Body: { "url": "...", "use_credit": false }
curl -X POST \
-H "Authorization: Bearer ngn_xxxxxxxxxxxx" \
-H "Content-Type: application/json" \
-d '{"url":"https://example.com","use_credit":false}' \
"https://seo.nxtgencreative.io/api/public/audits"Response 202:
{
"job_id": "...",
"status": "pending",
"status_url": "https://seo.nxtgencreative.io/api/public/audits/jobs/<job_id>",
"created_at": "..."
}402 if use_credit=true and balance is zero. 429 if free monthly quota or daily API cap exceeded.
GET /api/public/audits/jobs/{job_id}
Poll for job status. audit_url is set when the job completes, pointing back to /api/public/audits/latest for that URL.

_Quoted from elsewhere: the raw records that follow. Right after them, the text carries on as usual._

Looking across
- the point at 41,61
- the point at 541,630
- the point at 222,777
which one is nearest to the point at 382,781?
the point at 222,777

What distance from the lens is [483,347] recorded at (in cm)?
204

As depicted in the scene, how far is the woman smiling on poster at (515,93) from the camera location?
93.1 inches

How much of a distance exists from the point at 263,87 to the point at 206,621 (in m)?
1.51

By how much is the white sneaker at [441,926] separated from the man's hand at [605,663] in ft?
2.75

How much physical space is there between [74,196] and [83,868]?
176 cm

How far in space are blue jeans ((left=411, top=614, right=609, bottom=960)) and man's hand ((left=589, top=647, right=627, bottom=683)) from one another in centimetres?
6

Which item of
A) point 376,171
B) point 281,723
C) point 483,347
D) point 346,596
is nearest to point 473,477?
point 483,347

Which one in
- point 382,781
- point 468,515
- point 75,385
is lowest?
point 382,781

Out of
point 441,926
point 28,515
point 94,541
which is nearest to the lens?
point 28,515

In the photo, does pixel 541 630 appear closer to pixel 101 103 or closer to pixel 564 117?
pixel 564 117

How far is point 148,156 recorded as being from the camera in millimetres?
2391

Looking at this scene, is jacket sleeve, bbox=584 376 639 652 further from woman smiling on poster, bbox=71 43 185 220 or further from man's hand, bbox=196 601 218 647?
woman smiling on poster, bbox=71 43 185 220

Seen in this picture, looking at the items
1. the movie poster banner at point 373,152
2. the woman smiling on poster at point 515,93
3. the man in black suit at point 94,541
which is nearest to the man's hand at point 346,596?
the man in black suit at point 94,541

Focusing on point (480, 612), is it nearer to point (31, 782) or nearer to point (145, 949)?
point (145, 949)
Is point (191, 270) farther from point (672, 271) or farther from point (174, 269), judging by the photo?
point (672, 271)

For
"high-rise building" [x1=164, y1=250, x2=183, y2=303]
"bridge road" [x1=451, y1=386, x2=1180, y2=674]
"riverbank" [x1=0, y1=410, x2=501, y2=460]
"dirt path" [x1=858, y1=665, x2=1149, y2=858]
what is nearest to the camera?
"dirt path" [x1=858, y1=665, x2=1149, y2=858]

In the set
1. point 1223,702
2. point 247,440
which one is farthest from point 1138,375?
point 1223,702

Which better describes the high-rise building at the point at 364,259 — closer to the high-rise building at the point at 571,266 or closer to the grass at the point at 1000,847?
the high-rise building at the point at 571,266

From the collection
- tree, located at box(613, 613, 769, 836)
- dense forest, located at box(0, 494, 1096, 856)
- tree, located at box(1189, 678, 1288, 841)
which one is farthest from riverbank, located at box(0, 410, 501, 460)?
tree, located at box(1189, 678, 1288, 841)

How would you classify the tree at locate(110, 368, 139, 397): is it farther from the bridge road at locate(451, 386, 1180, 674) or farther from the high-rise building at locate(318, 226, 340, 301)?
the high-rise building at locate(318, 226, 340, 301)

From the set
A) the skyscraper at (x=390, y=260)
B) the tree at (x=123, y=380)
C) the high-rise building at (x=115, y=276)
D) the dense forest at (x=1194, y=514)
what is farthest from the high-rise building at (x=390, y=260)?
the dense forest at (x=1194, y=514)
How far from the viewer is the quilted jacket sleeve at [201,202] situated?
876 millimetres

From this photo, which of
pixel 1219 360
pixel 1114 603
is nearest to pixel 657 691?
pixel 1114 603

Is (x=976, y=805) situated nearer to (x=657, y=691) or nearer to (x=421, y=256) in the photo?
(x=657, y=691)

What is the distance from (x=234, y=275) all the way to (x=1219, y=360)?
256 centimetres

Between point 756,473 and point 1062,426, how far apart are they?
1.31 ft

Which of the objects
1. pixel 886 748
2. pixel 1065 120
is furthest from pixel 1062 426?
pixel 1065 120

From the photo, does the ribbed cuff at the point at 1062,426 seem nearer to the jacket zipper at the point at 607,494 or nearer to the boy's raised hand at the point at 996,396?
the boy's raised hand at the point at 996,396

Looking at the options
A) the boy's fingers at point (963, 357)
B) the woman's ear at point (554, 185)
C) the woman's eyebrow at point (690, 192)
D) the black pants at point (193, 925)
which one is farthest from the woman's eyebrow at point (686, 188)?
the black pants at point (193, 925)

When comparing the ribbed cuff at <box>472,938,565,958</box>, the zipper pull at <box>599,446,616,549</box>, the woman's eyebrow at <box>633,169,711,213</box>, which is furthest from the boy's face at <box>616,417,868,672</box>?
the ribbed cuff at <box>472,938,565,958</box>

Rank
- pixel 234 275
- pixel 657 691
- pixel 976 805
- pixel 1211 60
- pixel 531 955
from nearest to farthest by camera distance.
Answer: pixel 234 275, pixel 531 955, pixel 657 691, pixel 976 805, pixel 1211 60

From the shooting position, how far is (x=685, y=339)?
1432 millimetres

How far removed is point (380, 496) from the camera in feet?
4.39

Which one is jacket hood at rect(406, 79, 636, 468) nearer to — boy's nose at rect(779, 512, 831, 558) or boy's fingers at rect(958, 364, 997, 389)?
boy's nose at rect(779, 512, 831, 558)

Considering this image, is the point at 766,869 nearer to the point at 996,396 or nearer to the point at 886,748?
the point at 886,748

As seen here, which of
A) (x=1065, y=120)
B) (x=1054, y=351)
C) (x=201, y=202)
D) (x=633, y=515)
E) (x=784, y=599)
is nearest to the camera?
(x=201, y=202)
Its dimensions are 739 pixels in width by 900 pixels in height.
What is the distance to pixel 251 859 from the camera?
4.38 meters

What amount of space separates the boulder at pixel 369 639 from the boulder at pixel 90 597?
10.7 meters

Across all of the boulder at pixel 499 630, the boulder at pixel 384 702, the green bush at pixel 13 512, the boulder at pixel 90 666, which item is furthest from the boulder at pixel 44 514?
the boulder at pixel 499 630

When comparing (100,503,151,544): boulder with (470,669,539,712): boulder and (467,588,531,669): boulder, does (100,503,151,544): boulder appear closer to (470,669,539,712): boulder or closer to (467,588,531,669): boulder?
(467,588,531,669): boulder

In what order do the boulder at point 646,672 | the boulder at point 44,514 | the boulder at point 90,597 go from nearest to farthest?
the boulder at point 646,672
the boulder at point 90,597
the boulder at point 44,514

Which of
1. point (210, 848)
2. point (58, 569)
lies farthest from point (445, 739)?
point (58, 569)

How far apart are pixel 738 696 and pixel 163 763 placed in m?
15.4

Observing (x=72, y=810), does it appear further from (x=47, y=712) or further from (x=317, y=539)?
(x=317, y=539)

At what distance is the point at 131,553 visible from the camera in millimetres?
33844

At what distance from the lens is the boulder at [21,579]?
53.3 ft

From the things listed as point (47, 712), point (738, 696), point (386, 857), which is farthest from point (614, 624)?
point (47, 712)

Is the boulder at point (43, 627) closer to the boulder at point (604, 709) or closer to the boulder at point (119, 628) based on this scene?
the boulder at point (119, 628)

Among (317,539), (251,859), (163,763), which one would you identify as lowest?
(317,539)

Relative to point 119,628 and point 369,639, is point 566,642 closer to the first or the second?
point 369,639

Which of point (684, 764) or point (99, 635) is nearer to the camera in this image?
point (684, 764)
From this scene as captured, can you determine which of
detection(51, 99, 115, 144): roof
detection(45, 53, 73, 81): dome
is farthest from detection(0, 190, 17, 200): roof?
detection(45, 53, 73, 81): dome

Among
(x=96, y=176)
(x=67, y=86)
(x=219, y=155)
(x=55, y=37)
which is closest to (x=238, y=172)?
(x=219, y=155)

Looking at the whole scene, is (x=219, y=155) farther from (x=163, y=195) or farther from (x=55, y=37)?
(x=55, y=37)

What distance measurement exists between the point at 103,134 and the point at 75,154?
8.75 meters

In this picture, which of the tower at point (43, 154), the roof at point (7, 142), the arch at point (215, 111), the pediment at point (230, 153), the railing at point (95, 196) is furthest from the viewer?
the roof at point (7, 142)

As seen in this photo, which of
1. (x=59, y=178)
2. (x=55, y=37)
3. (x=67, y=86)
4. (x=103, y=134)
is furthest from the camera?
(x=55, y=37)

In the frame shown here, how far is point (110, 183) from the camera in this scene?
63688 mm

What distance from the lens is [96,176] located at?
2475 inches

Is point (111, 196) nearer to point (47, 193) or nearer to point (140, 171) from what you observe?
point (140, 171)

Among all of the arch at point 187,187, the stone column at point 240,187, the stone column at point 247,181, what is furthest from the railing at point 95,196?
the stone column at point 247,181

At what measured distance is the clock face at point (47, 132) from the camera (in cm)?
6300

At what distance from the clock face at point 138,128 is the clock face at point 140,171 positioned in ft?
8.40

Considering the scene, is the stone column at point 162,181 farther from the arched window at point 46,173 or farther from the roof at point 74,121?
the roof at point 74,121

curl -H "Authorization: Bearer ngn_xxxxxxxxxxxx" \
"https://seo.nxtgencreative.io/api/public/audits/jobs/<job_id>"Response 200:
{
"job_id": "...",
"status": "pending" | "running" | "completed" | "failed" | "cancelled",
"progress": 0,
"current_url": "...",
"audit_id": "..." | null,
"audit_url": "https://seo.nxtgencreative.io/api/public/audits/latest?url=..." | null,
"error": null,
"created_at": "...",
"started_at": "..." | null,
"finished_at": "..." | null
}Rate limits
Per-minute: 60 requests/minute per key on GET endpoints, 10/minute on POST trigger. On 429, see the Retry-After header.
Daily cap: 50 POST audits per user per rolling 24h window, counted across all keys owned by the same user. Applies to all users, including administrators. Exceeding it returns:
{
"error": "Daily audit limit exceeded",
"limit": 50,
"reset_at": "2026-05-28T12:00:00.000Z"
}Every response includes X-RateLimit-Limit, X-RateLimit-Remaining, and X-RateLimit-Reset (unix seconds) for the per-minute window.
Cost considerations
POST audits consume real resources: PageSpeed Insights calls, Firecrawl crawl credits, and Lovable AI Gateway tokens for AI insights. With use_credit=true the audit deducts a Premium credit from the calling user’s balance. Without use_credit, free-tier users count against the monthly free quota (5/30d) and Premium/Pro/Agency users have no per-audit charge. The daily 50/24h cap above applies on top of either path as a circuit breaker.
Security redaction
Critical security findings are visible only to the audit owner in the UI. The API applies the same redaction: any finding with severity: "critical" has its detail, fix, and evidence replaced with a placeholder message. This protects sensitive site details from being exfiltrated through third-party integrations.
Recommended flow
POST to trigger an audit, poll status_url every 5-10s until status=completed, then GET audit_url (or call /audits/latest directly) for the full audit data.